EXERCISE GOAL: As an exercise, transcribe the data below in full and exactly, omitting pictures.

STORED DATA:
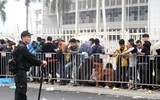 [ẢNH] Ngàn người chầu chực dưới mưa chờ mua vé trận Việt Nam - Malaysia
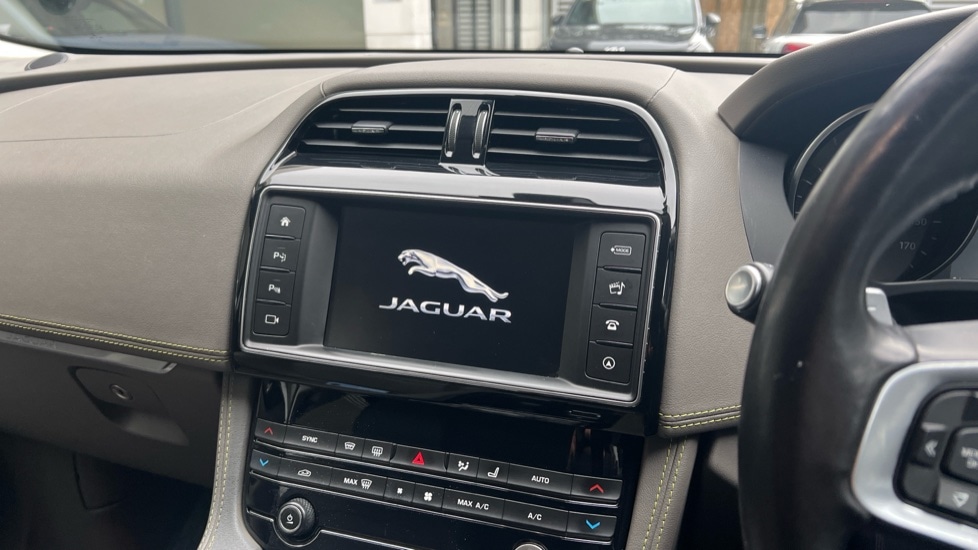 Used Jaguar F-Pace 2018 for sale - 76104104: Photo 12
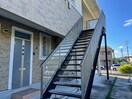 エントランス部分 リーベンコート目尾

RESPONSE BELOW:
 [ẢNH] Ngàn người chầu chực dưới mưa chờ mua vé trận Việt Nam - Malaysia
 Used Jaguar F-Pace 2018 for sale - 76104104: Photo 12
 エントランス部分 リーベンコート目尾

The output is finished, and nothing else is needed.